Lent (Day 31) — Jimmy Breslin, “The Church that Forgot Christ”

Finishing up chapter 3 — at the end of his reverie during his Sunday visit to Blessed Sacrament, he  recalls his Aunt Harriet, and figures that he would follow in her footsteps.  He noted that she seemed the most devout person he knew.  At the end of the chapter, he quotes Lucretius: “Religion has brought forth impiety and crimes,” and adds a statement from Aunt Harriet, “The church brings out impiety and crime.  The religion is mine, and I don’t commit crimes.”  

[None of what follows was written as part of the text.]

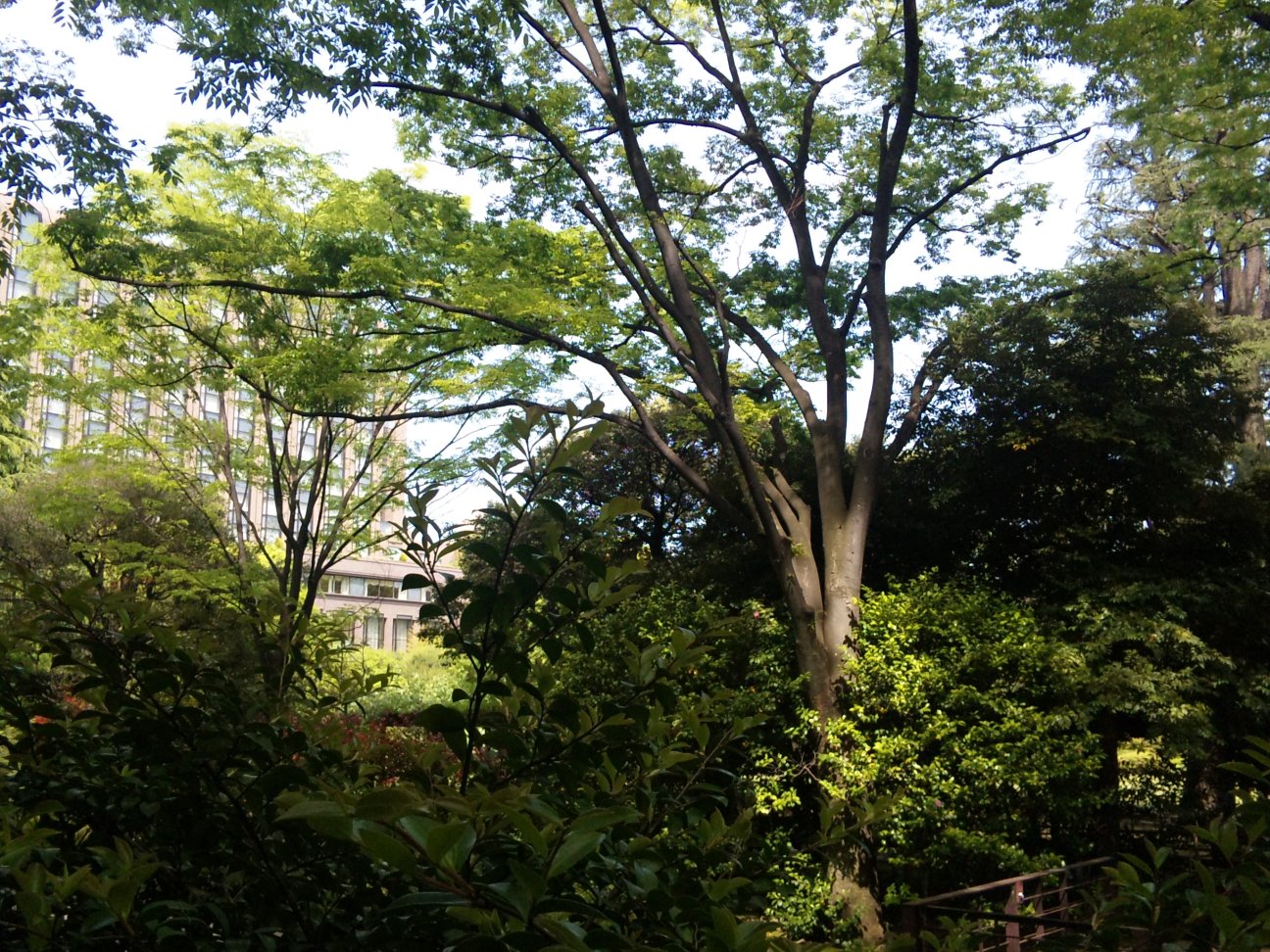 c0003409_15402890.jpg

As I was reading this, I recall something a friend said to me that kept me Catholic, at least nominally affiliated with the Church, for some time.  He said that his time at Holy Cross with so many intelligent and perceptive Jesuits and lay teachers who clearly believed in the Church were his greatest proof that there was some value in all of this.  But I think there has to be more.  That feeling of connection, and their connection to the Church, does provide a pull, but we are not merely puppets, and so must make our own way.  Aunt Harriet was doing that by noting that the criminal activity of the church was none of her business.  Her religion was hers, and she didn’t commit crimes.  

Breslin also notes that he took some holy water and blessed himself leaving the church, as he had done every Sunday from childhood.  Is that just a habit?  Or is there something more there?  Does it provide a link with the good of the Church, and the good of religion?  Not sure I know.